If you need any beta testing just let me know. 






WolfTronix said:


> I am working on a Version 2.0 of the Battery Pack Sniffer.
> 
> Requested Features:
> 
> ...


----------



## WolfTronix (Feb 8, 2016)

I am working on the hardware now... 
Still debating what connectors to put on it.
Then I can get boards out, and order parts.

But I will be looking for the CAN packets and how they are parsed.
Since I don't plan on acquiring the other battery packs to reverse engineer them... 

I also need to get the USB mass storage boot loader finished... (you should be able to drag and drop the .hex file in the firmware directory, and it will flash it into the micro).

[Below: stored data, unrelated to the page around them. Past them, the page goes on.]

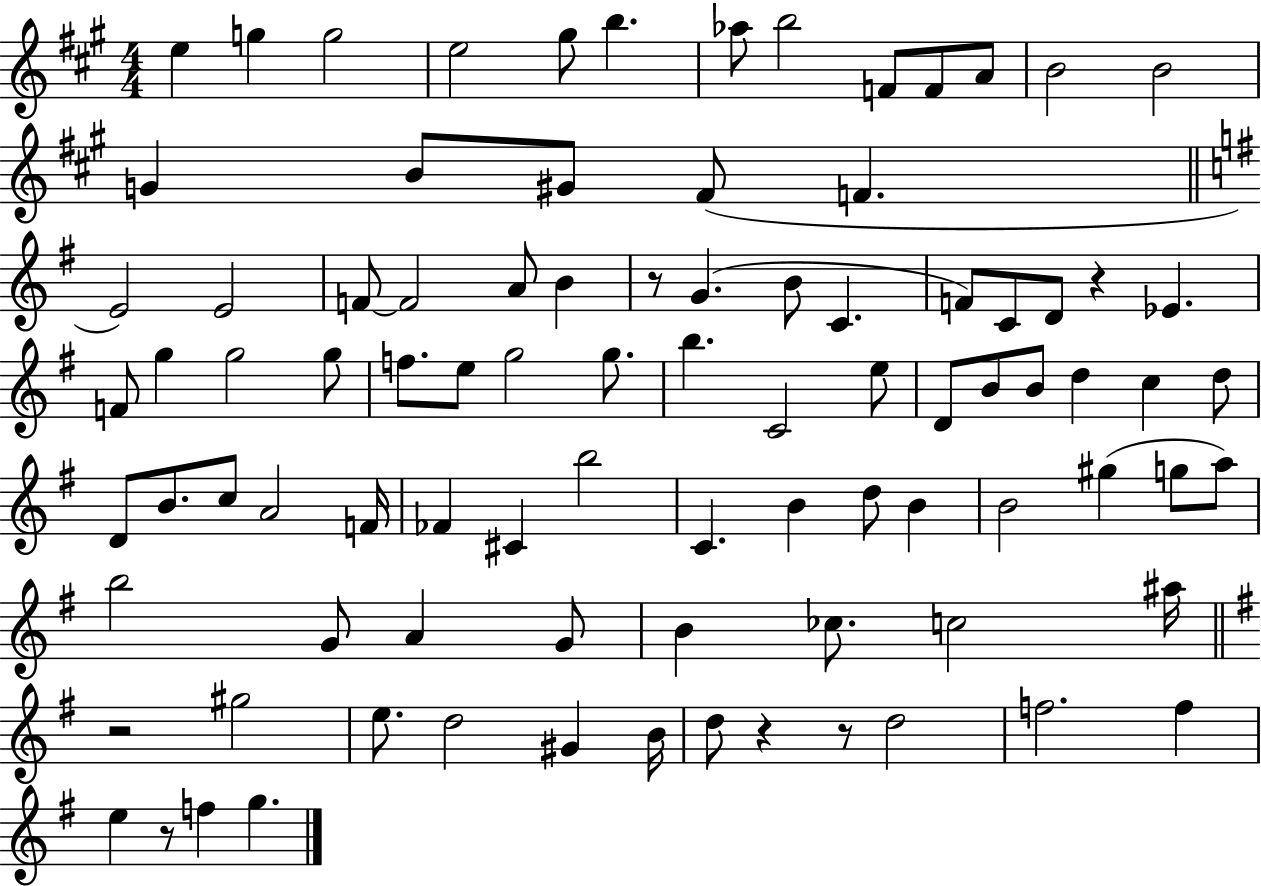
{
  \clef treble
  \numericTimeSignature
  \time 4/4
  \key a \major
  e''4 g''4 g''2 | e''2 gis''8 b''4. | aes''8 b''2 f'8 f'8 a'8 | b'2 b'2 | \break g'4 b'8 gis'8 fis'8( f'4. | \bar "||" \break \key g \major e'2) e'2 | f'8~~ f'2 a'8 b'4 | r8 g'4.( b'8 c'4. | f'8) c'8 d'8 r4 ees'4. | \break f'8 g''4 g''2 g''8 | f''8. e''8 g''2 g''8. | b''4. c'2 e''8 | d'8 b'8 b'8 d''4 c''4 d''8 | \break d'8 b'8. c''8 a'2 f'16 | fes'4 cis'4 b''2 | c'4. b'4 d''8 b'4 | b'2 gis''4( g''8 a''8) | \break b''2 g'8 a'4 g'8 | b'4 ces''8. c''2 ais''16 | \bar "||" \break \key g \major r2 gis''2 | e''8. d''2 gis'4 b'16 | d''8 r4 r8 d''2 | f''2. f''4 | \break e''4 r8 f''4 g''4. | \bar "|."
}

Then I can add new battery packs as needed. 



rwaudio said:


> Cool evolution of the product Wolf.
> I have access to a car with a volt pack (actually most of two) 90S2P in a Porsche 914. I've also done a Solectria Force with a volt pack 48S2P (fits perfect in the truck if you reconfigure slightly).
> 
> If you need any beta testing just let me know.


----------



## rwaudio (May 22, 2008)

WolfTronix said:


> I am working on the hardware now...
> Still debating what connectors to put on it.
> Then I can get boards out, and order parts.
> 
> ...


I could send you a factory volt BMS and wiring harness if it's helpful.
The pinouts of all the connectors are available in the Volt repair manual.


----------



## WolfTronix (Feb 8, 2016)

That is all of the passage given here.